Use this skill when a workflow step (or sub-step) would benefit from programmatic execution rather than pure LLM reasoning.
When to Use Python
Good candidates for Python:
- •Data transformation (JSON manipulation, CSV processing, format conversion)
- •API calls (especially with authentication, pagination, or complex request bodies)
- •Calculations (math, statistics, aggregations)
- •File processing (parsing, filtering, bulk operations)
- •Deterministic operations (sorting, deduplication, exact string matching)
- •Operations on large datasets where LLM might truncate or hallucinate
Keep as pure LLM:
- •Tasks requiring judgment, analysis, or interpretation
- •Natural language generation (summaries, explanations, reports)
- •Tasks where flexibility and context-awareness matter more than precision
- •One-off simple operations where writing code is overkill
Two Approaches
1. Inline Scripts (One-off)
For simple, single-use scripts executed during workflow runs.
Write the script and execute it directly with uv run:
#!/usr/bin/env python3
# /// script
# requires-python = ">=3.11"
# dependencies = [
# "requests",
# "rich",
# ]
# ///
import json
import requests
# Your code here
data = requests.get("https://api.example.com/data").json()
print(json.dumps(data, indent=2))
Execute with:
uv run script.py
The # /// script block declares inline dependencies — uv installs them automatically.
2. Reusable Script Skills
For scripts that will be used across multiple workflows or need documentation.
Create a skill directory following the agentskills.io specification:
my-script-skill/
├── SKILL.md # Required: describes when/how to use
└── scripts/
└── main.py # The executable script
SKILL.md format:
--- name: my-script-skill description: What this script does and when to use it. --- ## Usage Describe inputs, outputs, and how to invoke. ## Examples Show example invocations and expected output.
Script conventions:
- •Accept input via command-line arguments or stdin
- •Output results to stdout (JSON preferred for structured data)
- •Use exit codes: 0 for success, non-zero for failure
- •Write errors to stderr
Using uv
uv handles Python version management and dependency installation automatically.
Run a script with inline dependencies:
uv run script.py
Run with additional arguments:
uv run script.py --input data.json --output results.json
Specify Python version:
# /// script # requires-python = ">=3.11" # ///
Common dependencies:
# /// script # dependencies = [ # "requests", # HTTP requests # "rich", # Pretty output # "pydantic", # Data validation # "pandas", # Data processing # "jinja2", # Templating # ] # ///
Output Conventions
For the executor to capture and use script output:
Structured data — use JSON to stdout:
import json
result = {"status": "success", "items": [...]}
print(json.dumps(result))
Multiple outputs — use JSON with named fields:
print(json.dumps({
"summary": "Processed 42 items",
"data": [...],
"errors": []
}))
Progress/debug info — use stderr:
import sys
print("Processing...", file=sys.stderr)
Status reporting — match workflow conventions:
# Success
print(json.dumps({"result": data}))
print("STATUS: COMPLETE", file=sys.stderr)
# Partial completion
print(json.dumps({"result": partial_data, "missing": [...]}))
print("STATUS: PARTIAL - Could not process 3 items", file=sys.stderr)
# Blocked
print("STATUS: BLOCKED - API rate limited", file=sys.stderr)
sys.exit(1)
Example: Inline Script in Workflow Step
A workflow step that uses an inline Python script:
### 3. transform_data (agent: build)
Write and execute a Python script to transform the issue data.
Input data:
{{fetch_issues}}
The script should:
1. Parse the JSON input
2. Filter issues older than 30 days
3. Group by label
4. Output as JSON with structure: {"by_label": {"bug": [...], "feature": [...]}}
Use `uv run` with inline dependencies.
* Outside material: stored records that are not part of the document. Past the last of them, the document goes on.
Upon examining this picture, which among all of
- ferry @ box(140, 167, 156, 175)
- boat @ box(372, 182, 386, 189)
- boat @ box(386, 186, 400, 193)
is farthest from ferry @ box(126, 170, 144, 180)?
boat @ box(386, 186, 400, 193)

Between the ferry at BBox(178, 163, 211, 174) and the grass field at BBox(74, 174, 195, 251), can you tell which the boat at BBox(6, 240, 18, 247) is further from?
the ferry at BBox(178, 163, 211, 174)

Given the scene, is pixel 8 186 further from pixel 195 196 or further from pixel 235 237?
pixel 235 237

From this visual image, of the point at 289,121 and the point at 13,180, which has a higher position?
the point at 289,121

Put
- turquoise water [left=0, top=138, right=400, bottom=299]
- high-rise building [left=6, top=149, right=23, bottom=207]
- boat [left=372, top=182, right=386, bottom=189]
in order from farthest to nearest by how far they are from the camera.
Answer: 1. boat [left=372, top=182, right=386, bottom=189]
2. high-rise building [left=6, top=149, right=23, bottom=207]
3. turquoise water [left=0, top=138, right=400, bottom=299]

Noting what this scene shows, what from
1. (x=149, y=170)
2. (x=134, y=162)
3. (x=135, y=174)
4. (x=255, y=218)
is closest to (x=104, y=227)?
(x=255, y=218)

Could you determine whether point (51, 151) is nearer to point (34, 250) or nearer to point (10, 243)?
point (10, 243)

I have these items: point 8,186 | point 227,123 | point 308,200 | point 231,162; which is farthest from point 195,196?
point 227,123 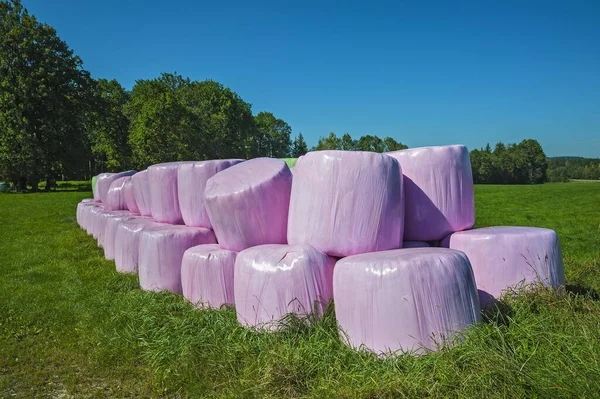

Output the result as JSON to stdout.
Example: Creating a Reusable Skill
When the planner identifies a reusable script need:
### 2. create_aggregator_skill (agent: build) Create a reusable script skill at `aggregate-metrics/` following agentskills.io spec. The skill should: - Accept a JSON file path as input - Aggregate numeric fields (sum, avg, min, max) - Output aggregated results as JSON Include: - SKILL.md with usage documentation - scripts/aggregate.py with inline uv dependencies
Error Handling
In scripts:
import sys
try:
result = do_work()
print(json.dumps(result))
except Exception as e:
print(f"Error: {e}", file=sys.stderr)
print("STATUS: BLOCKED - Script execution failed", file=sys.stderr)
sys.exit(1)
In workflow steps:
Use **On error:** continue if the workflow can proceed without this step, or let it default to stop for critical steps.